石頭

第32話 石頭

 パァンッ!
 
 虎白の撃った弾丸は、間違いなく芳一の頭に命中した。だが、それは跳ね返って、結界にぶつかって地面に落ちた。
 
「クッ……!」

「……あ。

 あははは。
 
 やった、成功したぞ!
 
 組長の言った通りだ!拳銃の弾丸ぐらい、跳ね返せる!」
 
 狂喜乱舞する芳一。今度は彼の胸を狙い、発砲した虎白。だが、それも跳ね返る。
 
「形勢逆転だな、え、虎白?」

「……態度まで変わったな、テメェは」

「俺には拳銃が効かなくなったんだ。態度ぐらい変えるさ。

 組長が、おまえを殺せば次期組長の座を約束してくれたんだ。確実に、殺すぜ?」
 
 芳一は銃口を虎白の頭に突き付け、楽しそうに笑っていた。
 
「……決めゼリフなんか、言わねェのか?」

「なら、言い返してやるよ。

 地獄で会おうぜ、虎白」
 
 パァンッ!
 
 銃声が響く。芳一は、崩れ落ちる虎白を想像し、満足気な笑みを浮かべていた。
 
 だが、その拳銃が虎白の手によって掴まれた。銃口を虎白の頭に向けたまま。
 
「頭なら、跳ね返せるんだよ。もう一度なんてケチ臭いことは言わずに、全弾、撃ち尽くせよ。

 でなけりゃ、テメェの腕、握り潰してやるゼ」
 
 弾丸は、虎白の頭に命中したが、跳ね返されたのだ。
 
 虎白は自分の拳銃を遠くに放り投げ、それを持っていた右手で、拳銃を握っている方の、芳一の手首を握った。
 
「痛ェ!痛ェよ、虎白!

 放せ!放さねぇと、撃ってやるぞ!」
 
「それが俺の望みだ、誰が放すかよ!」

 銃声が、何度も繰り返して響いた。だが、それによって放たれた弾丸の全てが、虎白の頭によって跳ね返された。
 
 やがて、弾丸が切れたのか、何度、芳一が引き金を引いても、銃声は鳴らなくなった。
 
「跳ね返せるが、いてェんだぜ、結構。

 だが、今はおまえの方が痛いだろうな、芳一」
 
「うわあああああああ!」

 空いている方の手で、芳一は虎白の頭、それも最も硬そうな額に対してパンチを繰り出した。
 
 もちろん、弾丸を跳ね返すような硬さの虎白の石頭、大したダメージを与えるどころか、殴った芳一の手の方が痛くて、悲鳴を上げると言うよりも、吠えていた。
 
「俺が心配していたのは、拳銃で心臓をぶち抜かれることだけ。これでお前はもう、怖くない!
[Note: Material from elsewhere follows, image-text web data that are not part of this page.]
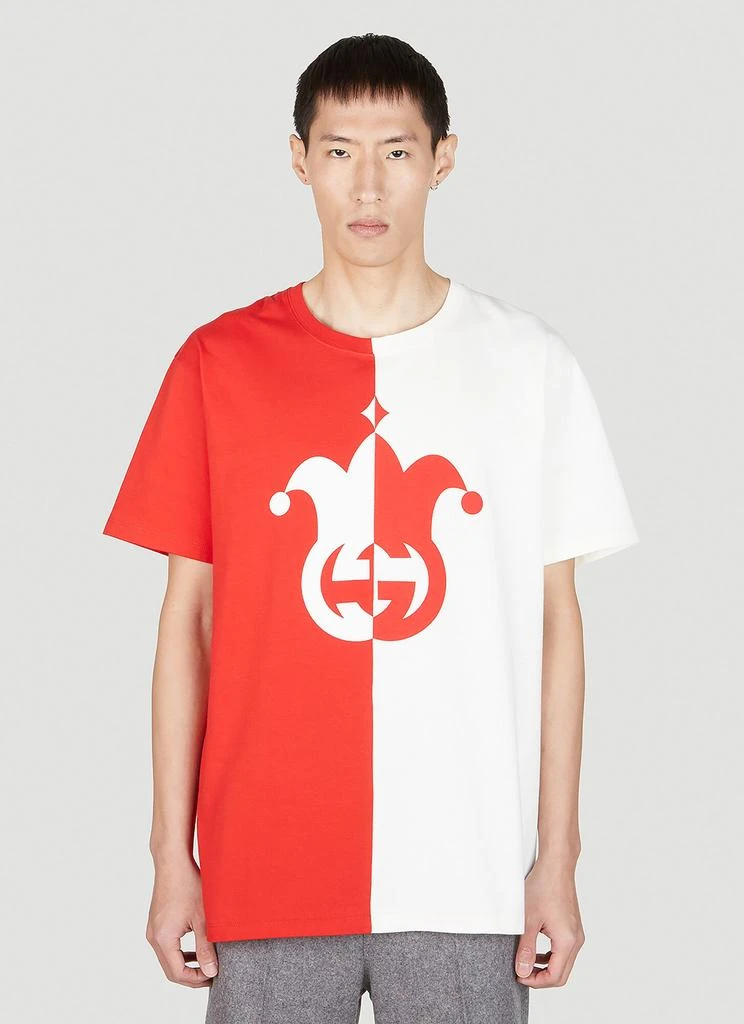 商品Gucci|Bicolor T-Shirt,价格¥3792,第1张图片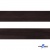 Косая бейка атласная "Омтекс" 15 мм х 132 м, цв. 074 коричневый - купить в Евпатории. Цена: 225.81 руб.
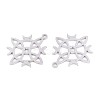 304 Stainless Steel Pendants STAS-N108-39P-2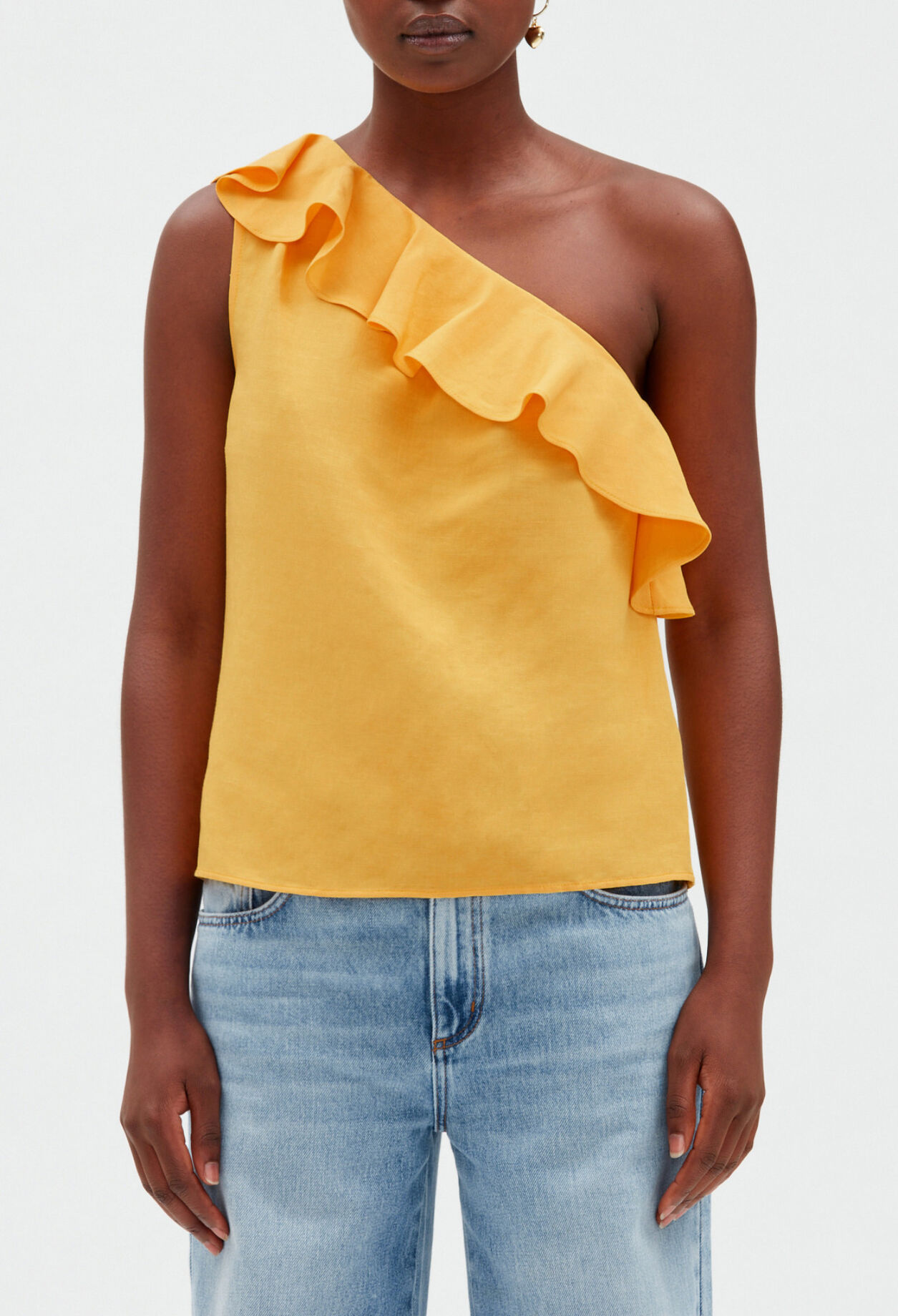 Asymmetrisches Top, gelb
 お前の頭も弾丸を跳ね返したが、これは是非とも、比べてみたいものだな。どちらの頭が、より硬いのかを。
 
 喰らえェェェェ!」
 
 ゴンッッッッ、という鈍い音がした。
 
「いっ……ぅー!

 テメェも、相当な石頭だな。弾丸を跳ね返すだけあって、結構痛かったぜ。
 
 だが、受けたダメージはテメェの方が上だろう?」
 
 虎白の言う通り、芳一の方は、今の頭突きのダメージのせいだろう、足元がフラついていた。
 
 ――が。虎白は、ここから本気を出してくるということを、未だ知らずにいた。